Braucht die Phantastik mehr weibliche Helden? Oder gibt es andererseits gar zu viele Frauen in phantastischer Literatur? Diese zwei Fragen umfassen ein Diskussionsfeld, das aktuell in Fantasy-Foren und –Blogs besprochen wird.

Der Hintergrund: Der Fantastikforscher Lars Schmeink hat dazu aufgefordert, mehr über die Repräsentation von Frauen in der Phantastik nachzudenken. Das tat er letzte Woche vor Publikum, nämlich beim dritten Treffen des Phantastischen-Autoren-Netzwerks. Dieses Branchentreffen habe ich dieses Jahr leider verpasst; ich konnte aufgrund der breiten Twitter- und Blogberichterstattung (#PAN18) aber zumindest digital dabei sein. Weil Tweets und sogar ein dreitägiges Branchentreffen aber nur begrenzt Möglichkeiten des Austauschs bieten, will Schmeink die Diskussion ausdehnen, nämlich auf die Blogs von Fantasyschaffenden – eine tolle Idee.

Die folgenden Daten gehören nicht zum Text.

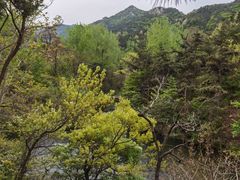 -昆嵛山石门里景区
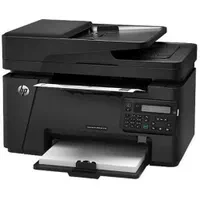 پرینتر چهار کاره HP Laserjet 127Fn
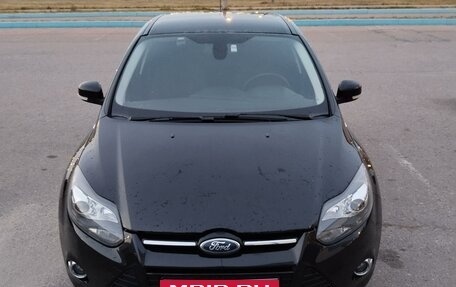 Ford Focus III, 2012 год, 1 050 000 рублей, 27 фотография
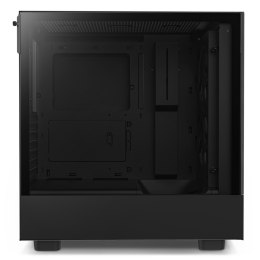 NZXT OBUDOWA H5 ELITE Z OKNEM CZARNA CC-H51EB-01 NZXT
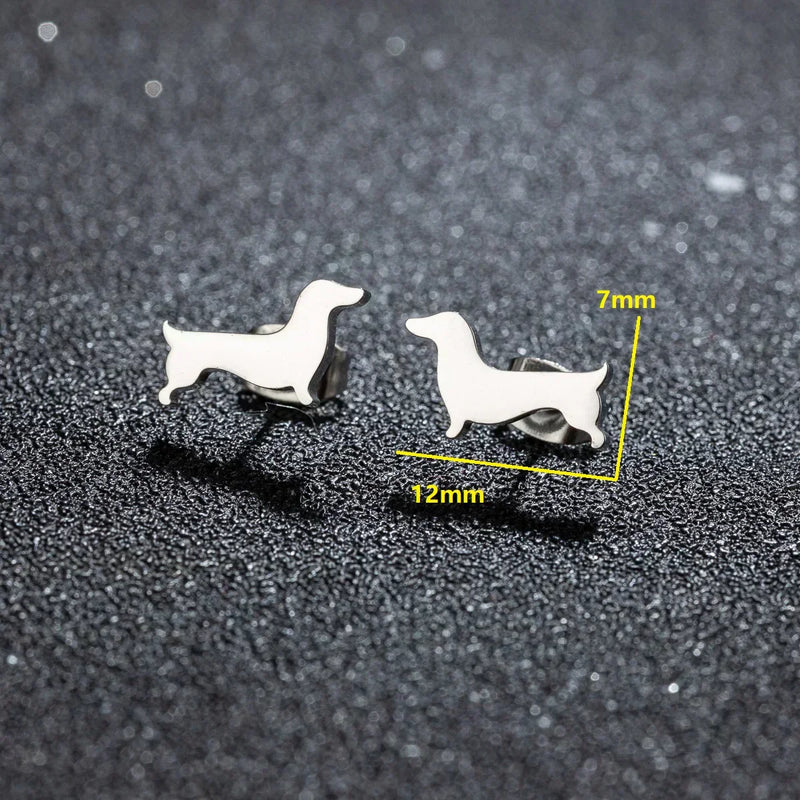 Izaro™ | Daksundi Earrings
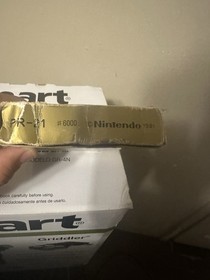 Octopus NINTENDO GAME AND WATCH Wide Screen Working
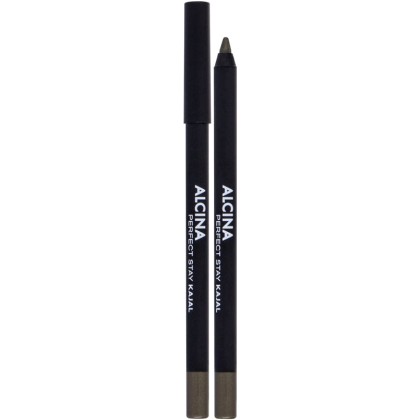 Alcina Perfect Stay Eye Pencil Olive Green 1gr (Waterproof)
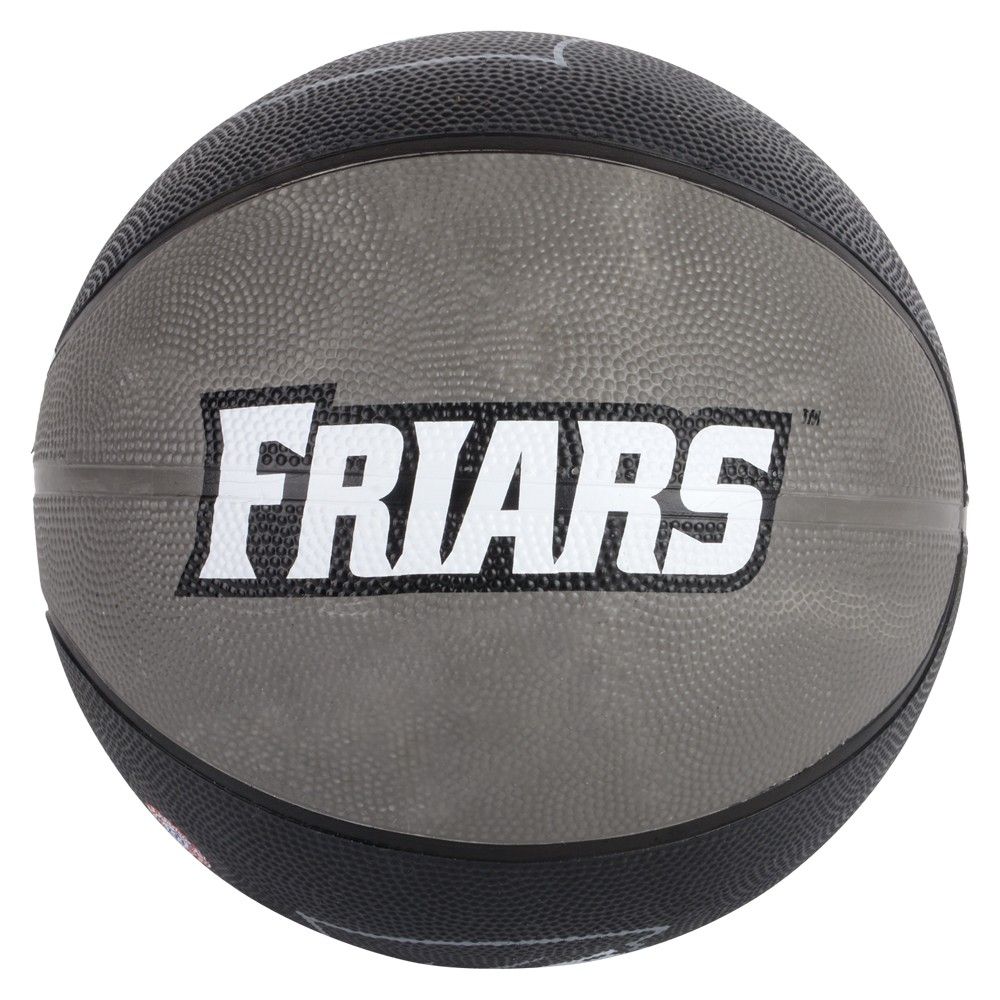 25 Bulk 9.5" Providence College Regulation Basketball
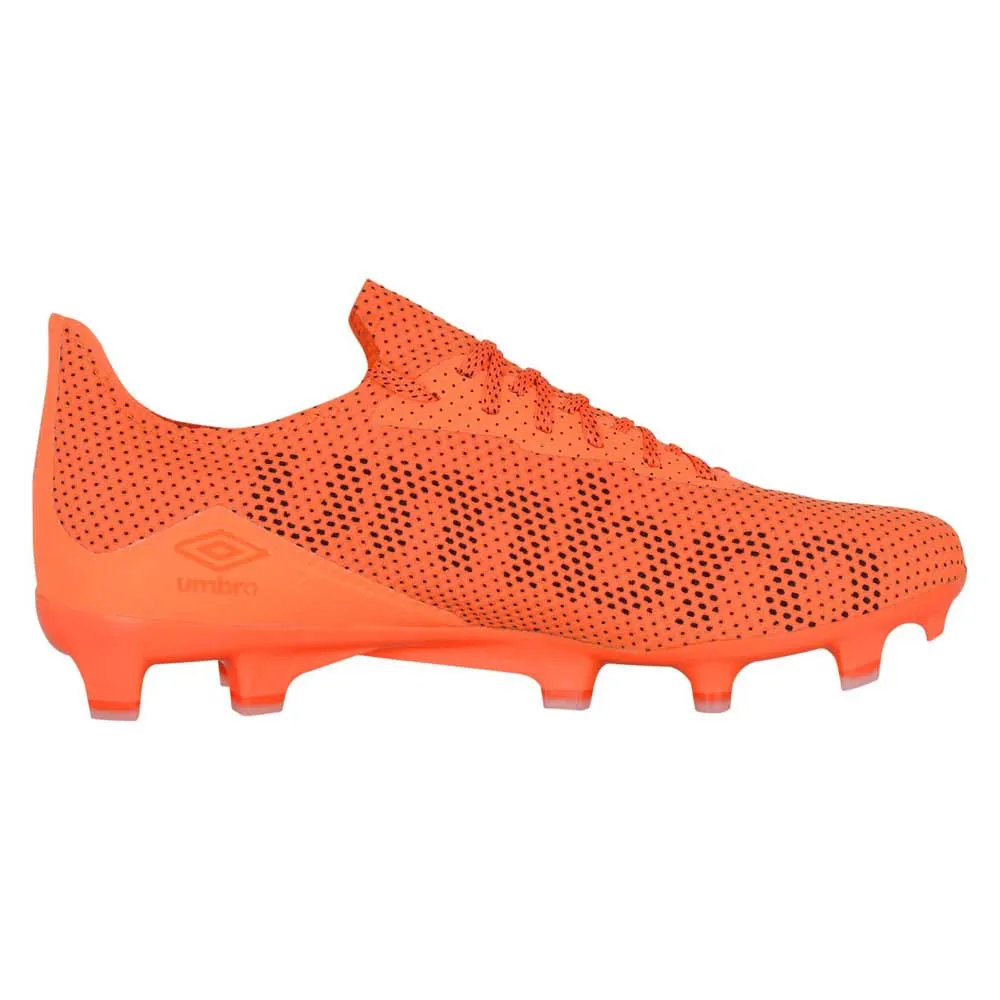 

Футбольные бутсы Umbro Velocita Matrix PRO FG, оранжевый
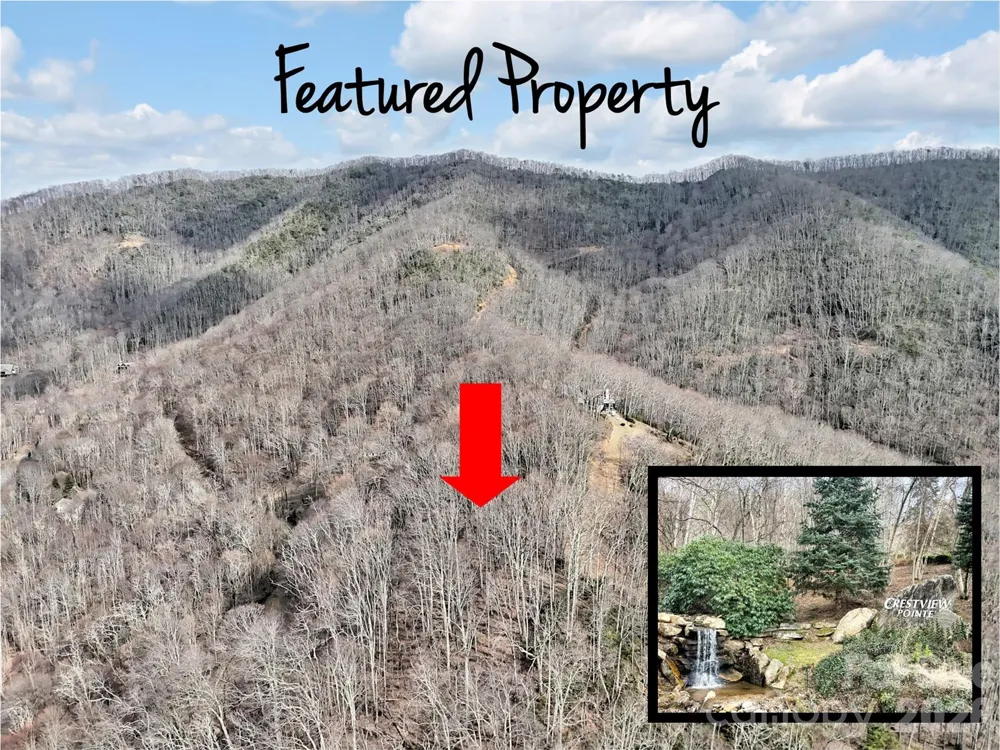 0 Jefferson Lane Waynesville, NC 28786
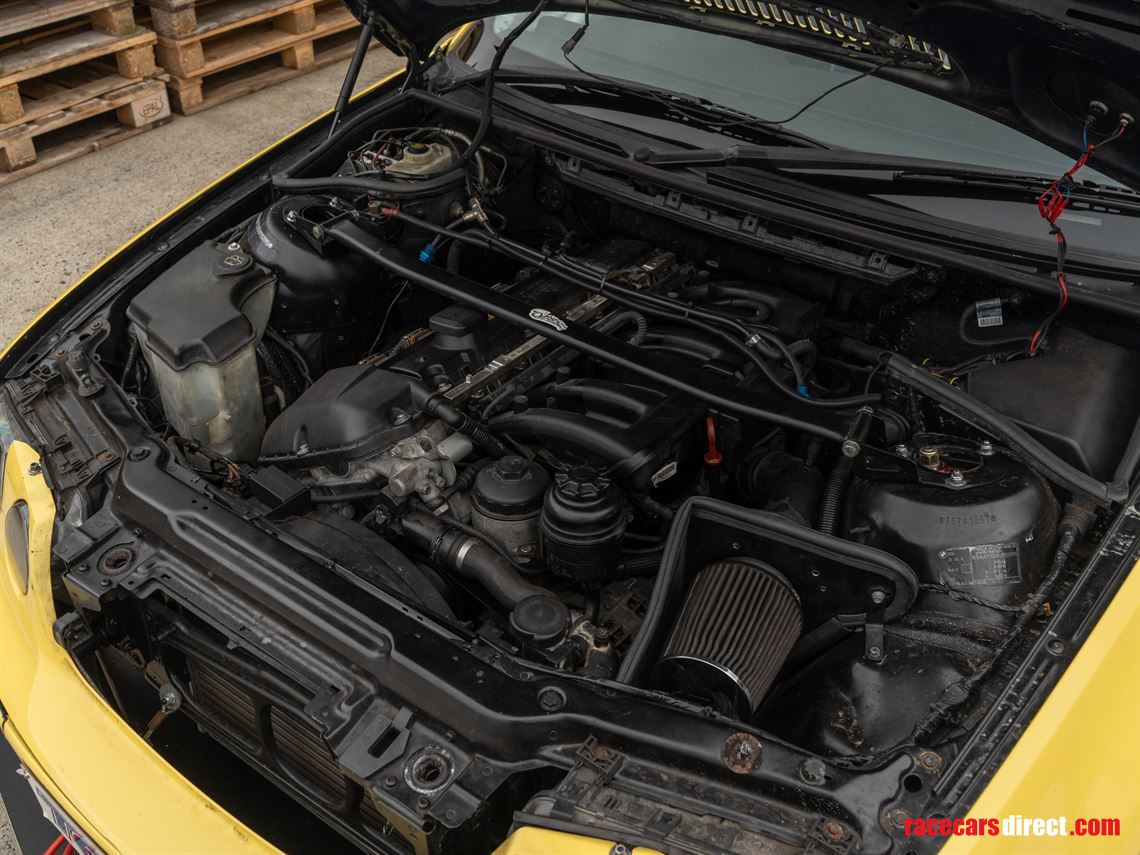 bmw-e46-325ti-compact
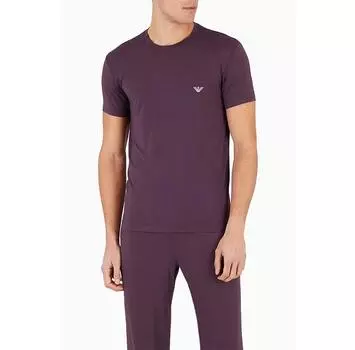 Emporio Armani 111971_4F511 майка M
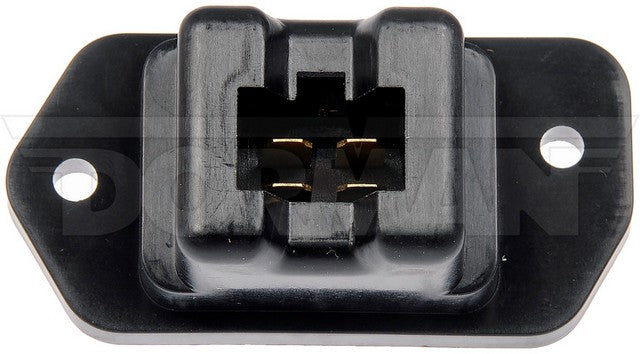 Dorman - OE Solutions HVAC Blower Motor Resistor  973-135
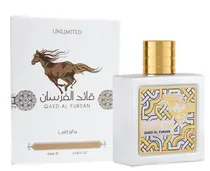 Lattafa Qaed Al Fursan Edp 90ML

Was genau Schmeink Bedeutsames zu sagen hat, sollte man unbedingt unter den unten stehenden Links nachlesen. Mein Gedanke zur Debatte sieht folgendermaßen aus: Unseren Autoren sei Dank, haben wir eine wohltuende Fülle an weiblichen Helden in der Fantasy – und werden sie auch in den Romanen der Zukunft finden. Das Problem besteht allerdings dort, wo nicht Frauen nach Repräsentation suchen, sondern männliche Fantasy-Fans.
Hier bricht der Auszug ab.